O total do capital subscrito da CAF em 2008 era de US$ 3,2 bilhões, sendo US$ 2,2 bilhões efetivamente integralizados (pagos). O capital pago é distribuído entre os acionistas, de modo que os principais acionistas da CAF são: Colômbia, Peru e Venezuela - 23,58%, 23,67% e 23,67% do capital, respectivamente. Essa participação dos acionistas no capital é condizente com o estabelecido no Convênio Constitutivo desse banco regional, segundo o qual Bolívia, Colômbia, Equador, Peru e Venezuela são países acionistas de Série "A" e "B", enquanto Argentina, Brasil, Chile, Costa Rica, Espanha, Jamaica, México, Panamá, Paraguai, República Dominicana, Trindade e Tobago e Uruguai são acionistas de série "C".

Em 2007, a carteira de créditos dessa instituição era de US$ 9,6 bilhões e, em 2008, alcançou a cifra de US$ 10,26 bilhões, ou seja, aumento de 7%. Indica, assim, a trajetória expansionista da CAF, uma vez que, em 2004, a carteira de crédito dessa instituição era de US$ 7,22 bilhões.

Os países com maior participação na carteira de empréstimos da CAF, no período 2004-2008, foram: Peru (20,6%), Colômbia (20%), Equador (18,7%), Venezuela (16%) e Bolívia (11,96%). O Brasil teve sua participação na carteira de empréstimos aumentada ao longo do período em tela, uma vez que, em 2004, participava com 4,12% e, em 2008, passou a ter participação de 8%. Algo semelhante deu-se com a Argentina, que aumentou sua importância ao longo do período em análise, tendo em 2008 participação de 6,7%.

Os países que mais se beneficiaram com o desembolso, também no período 2004-2008, foram Peru (25,07%), Colômbia (20,97%), Equador (16,86%), Brasil (11,70%) e Venezuela (9,82%). A média anual de desembolsos para o período foi de US$ 3,56 bilhões, e a média por país foi de US$ 1,37 bilhões. Como se nota, a maioria dos contratos de empréstimo é firmada com os países acionistas das séries "A" e "B".
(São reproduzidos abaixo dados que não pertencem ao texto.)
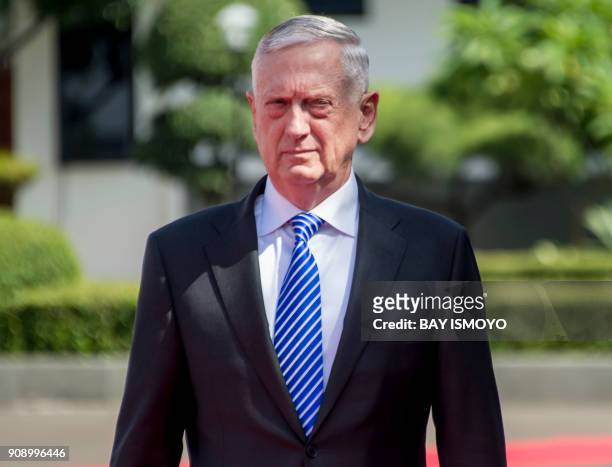 Secretary of Defense Jim Mattis inspects the honor guards during his welcome ceremony at the defence ministry in Jakarta, before his meeting with...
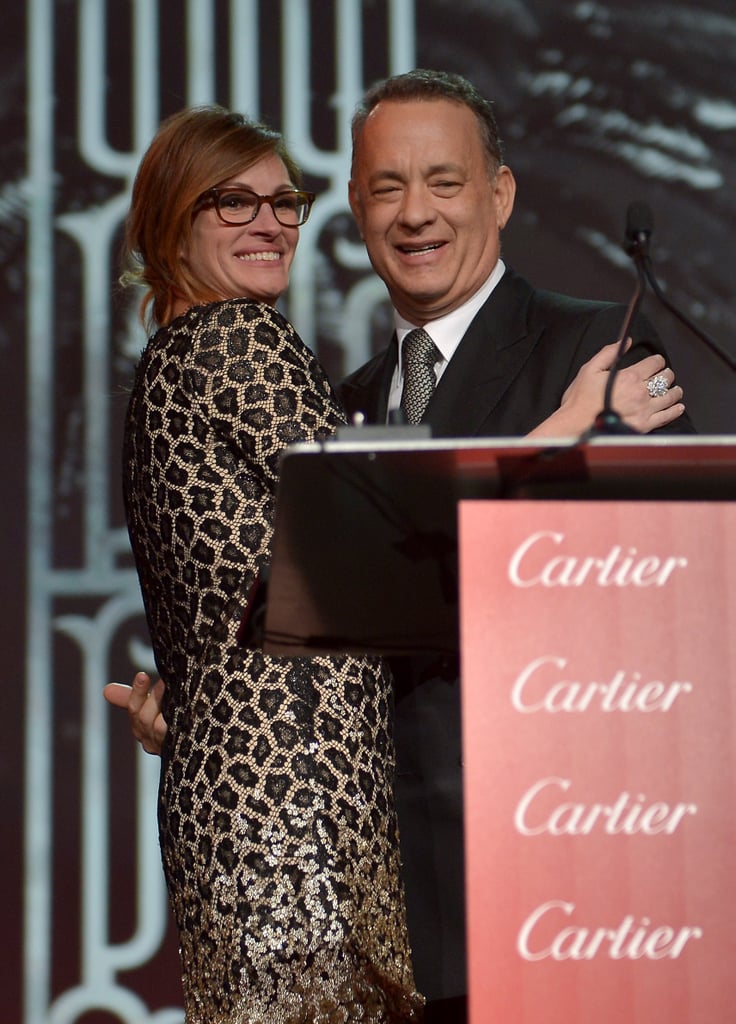 Julia Roberts presented Tom Hanks, her friend and former costar, with his chairman's award at the Palm Springs Film Festival.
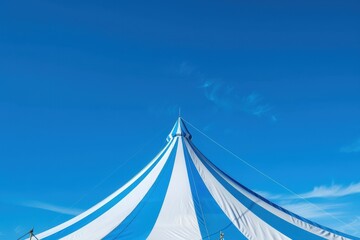 Obraz premium Blue and white striped circus tent under clear sky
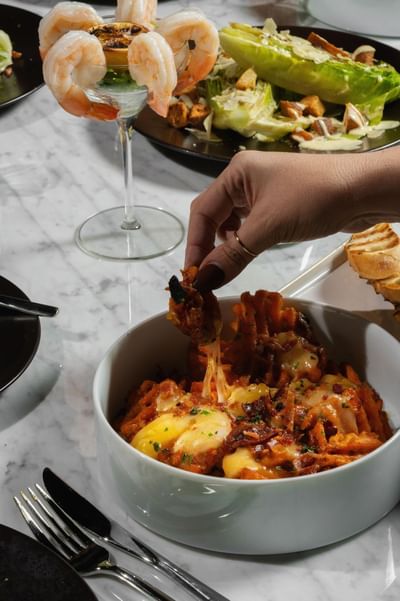 Hand dipping into a bowl of cheesy Frankfort Poutine, served with shrimp cocktail and fresh salad at Cypress & Oak
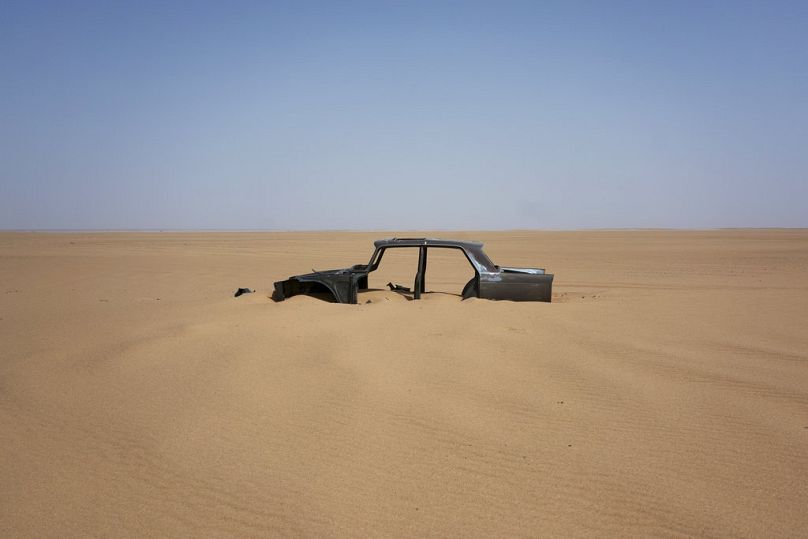 The frame of an abandoned Peugeot 404 rests in the south central Sahara, June 2018
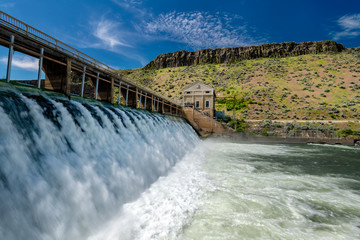 Obraz premium White water flows over Diversion Dam on the Boise River in the spring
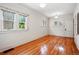 Sunlit bedroom featuring hardwood floors, neutral walls, and double windows at 618 S Franklin St, Denver, CO 80209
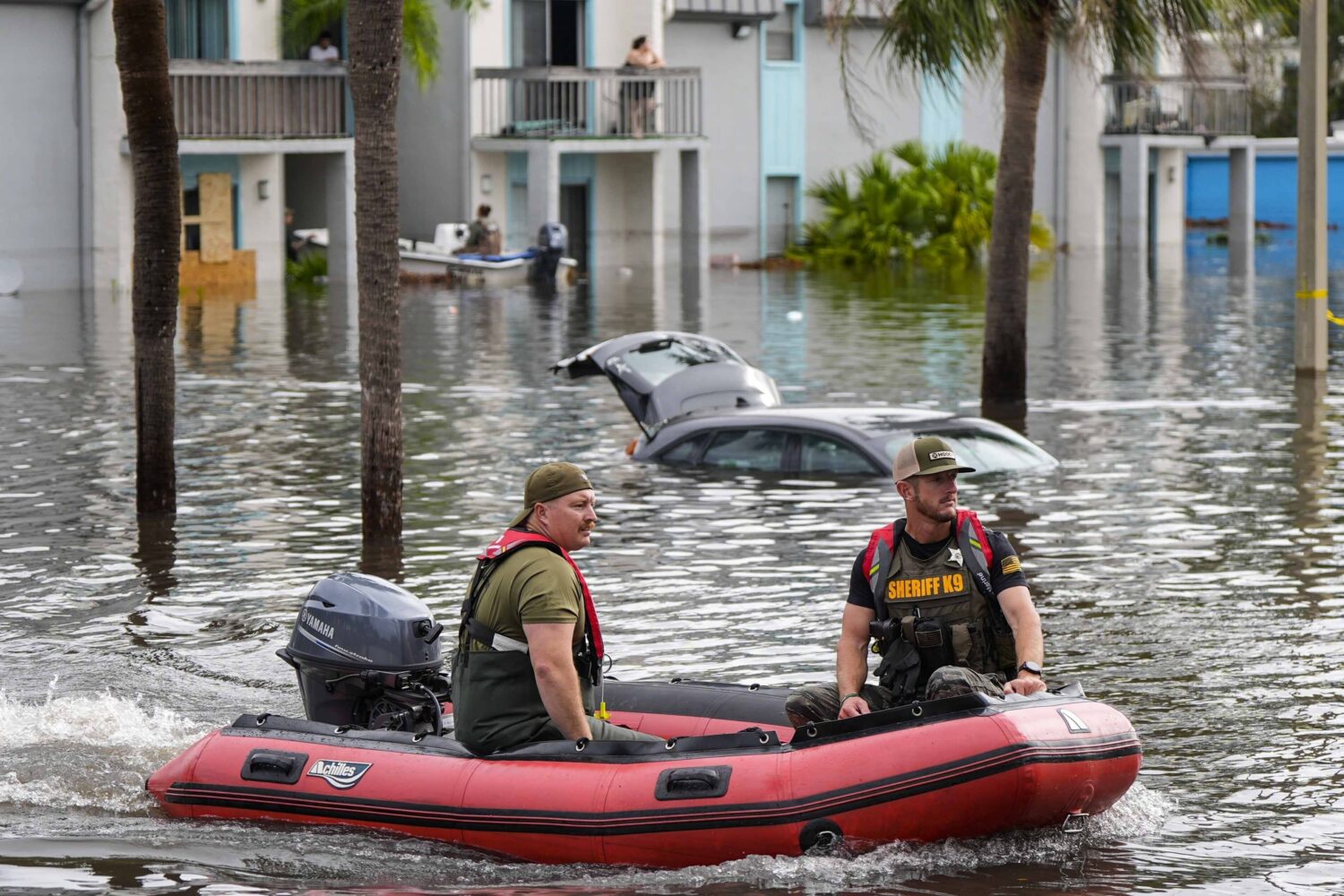 FILE - A water rescue boat moves in floodwaters at an apartment complex in the aftermath of Hurrica...
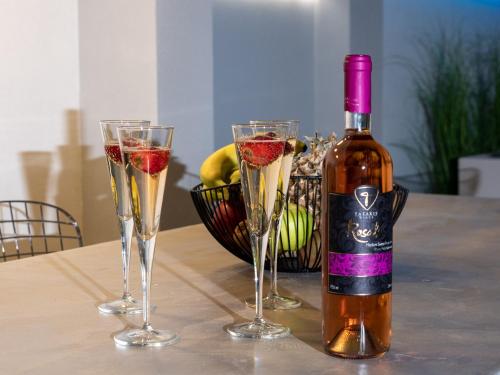 a bottle of wine and three champagne glasses on a table at Villa Stergos in Kremasti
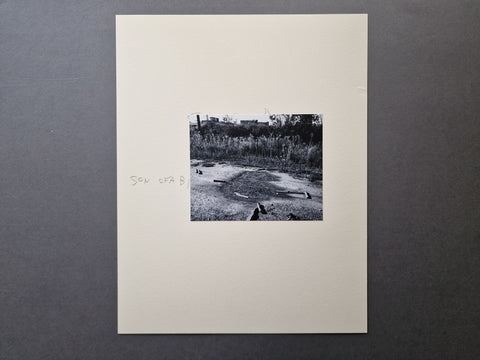 A black and white art print mounted on a wide off-white paper sheet. The print features a monochrome photograph of an outdoor scene with grass and puddles, with the handwritten text 'SON OF A BI'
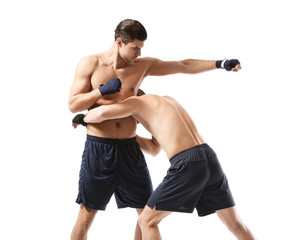 Attractive young boxers fighting on white background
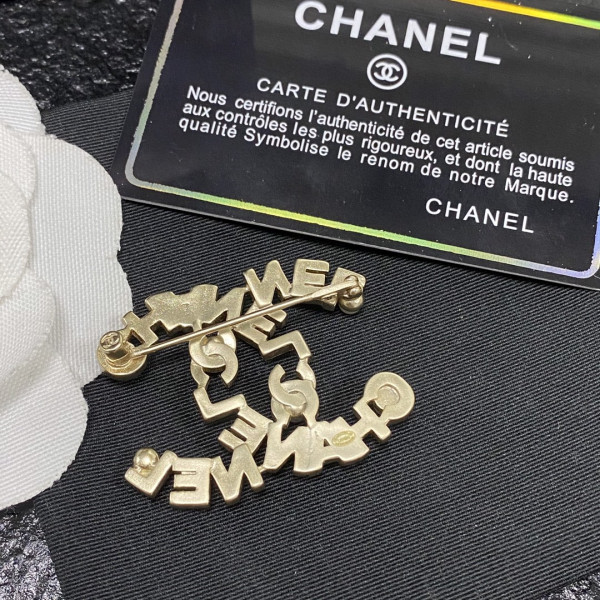CL BROOCH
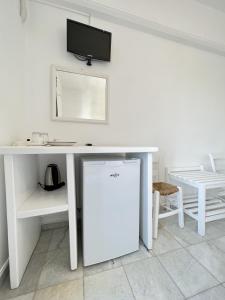 a white desk with a tv on top of it at Hotel Anezina in Drios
Desde meados dos anos 1990, a CAF tem avançado significativamente na função de provedora de recursos de médio e longo prazos. Conforme Sagasti e Prada (2006), os empréstimos de longo prazo, no período 1991-2000, representavam cerca de 50% do total aprovado, ao passo que, no período 2001-2003, aumentaram para 80%. No período 2004-2008, a CAF continuou seu avanço como provedora de recursos de longo prazo, os quais, em 2008, representaram em média 85,13% do total de empréstimos concedidos por esse organismo. A concessão de financiamentos para a execução de projetos em áreas estratégicas para a América do Sul foi a tônica do período em tela. Destaca-se a participação expressiva na carteira dos financiamentos aos setores de Transporte/Armazenamento e Telecomunicações (31% em 2008) e de Eletricidade/Gás/Água (19,5% em 2008). Esse quadro da distribuição dos recursos entre os setores condiz com os programas estratégicos adotados pela CAF, entre os quais estão a Iniciativa para a Integração da Infra-Estrutura Regional Sul-Americana (IIRSA) e o Apoio ao Desenvolvimento da Integração Fronteiriça (PADIF).

Os indicadores patrimoniais ilustram a expansão da CAF, sobretudo a partir de 2003. Em 2008, a carteira de empréstimos e de inversões foi cerca de 44% superior a 2004. O capital pago dá suporte para tal expansão, haja vista o aumento de 45% em 2008, relativamente a 2004, vale dizer, de US$ 1,49 bilhão para US$ 2,17 bilhões. Comparativamente às demais instituições financeiras multilaterais em operação caracterizadas anteriormente neste trabalho, a CAF é a maior em termos de capacidade financeira: em 2008, o ativo total era de US$ 14,27 bilhões, e o patrimônio líquido, de US$ 4,55 bilhões. A título de comparação, vale lembrar o total de ativos dos sistemas bancários dos países do Mercosul. Naquele mesmo ano, 2008, os ativos do sistema bancário do Brasil somavam US$ 1,4 trilhão; os da Argentina, US$ 101 bilhões; os do Paraguai, US$ 4,4 bilhões; e os do Uruguai, US$ 17,37 bilhões.40 40 É importante destacar que essa comparação não deve ser feita sem mediações, levando-se em conta a ampla gama de instrumentos que compreende os ativos dos sistemas bancários. As fontes desses dados foram, respectivamente, Banco Central do Brasil - 50 maiores bancos; Banco Central da República da Argentina - Informe sobre Bancos; Banco Central do Paraguai - Boletines Estadísticos; e Banco Central do Uruguai - Reporte de Estabilidad Financiera. Nesse sentido, é possível afirmar que sua participação na região, em termos de volume de ativos, não é inexpressiva, sendo relativamente mais importante para as economias de menor porte e que contam com sistemas financeiros menos profundos e estruturados, sobretudo no que diz respeito à moblização de funding de longo prazo. Ademais, vale apontar que, desde a década de 1990, tem disponibilizado aos seus sócios fundos em volumes compatíveis aos mobilizados pelo Banco Mundial.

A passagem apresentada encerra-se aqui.